The problem
For each line in the data below that has the word "images", copy that line.

Input for this task: Begin

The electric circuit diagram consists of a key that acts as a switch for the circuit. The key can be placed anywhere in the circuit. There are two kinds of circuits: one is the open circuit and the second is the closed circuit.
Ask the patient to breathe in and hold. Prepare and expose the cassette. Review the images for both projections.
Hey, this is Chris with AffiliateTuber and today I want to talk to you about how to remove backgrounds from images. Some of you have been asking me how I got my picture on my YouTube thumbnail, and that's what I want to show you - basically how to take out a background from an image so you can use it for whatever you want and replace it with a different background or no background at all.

Input for this task: End
Input for this task: Begin

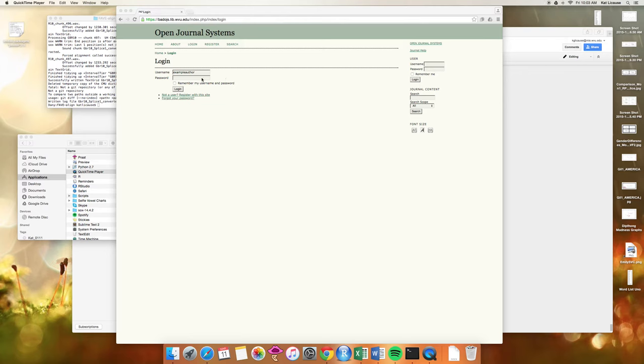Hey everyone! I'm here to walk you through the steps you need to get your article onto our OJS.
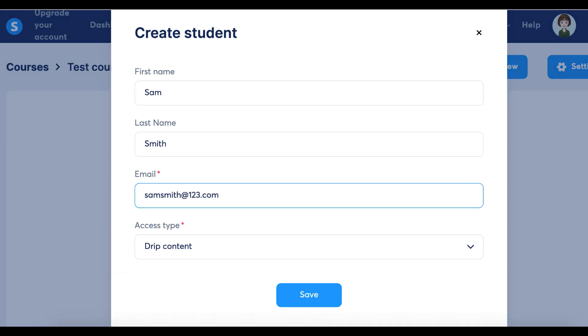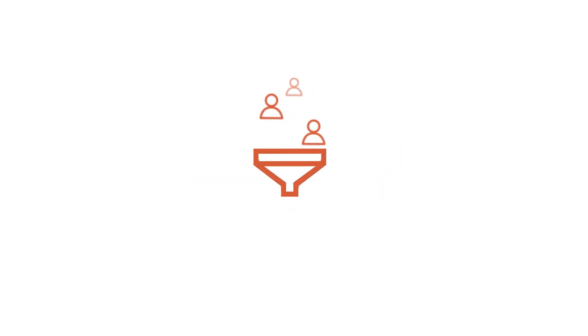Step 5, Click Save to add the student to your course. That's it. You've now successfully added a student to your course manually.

Input for this task: End

Answer to the exercise
Ask the patient to breathe in and hold. Prepare and expose the cassette. Review the images for both projections.
Hey, this is Chris with AffiliateTuber and today I want to talk to you about how to remove backgrounds from images. Some of you have been asking me how I got my picture on my YouTube thumbnail, and that's what I want to show you - basically how to take out a background from an image so you can use it for whatever you want and replace it with a different background or no background at all.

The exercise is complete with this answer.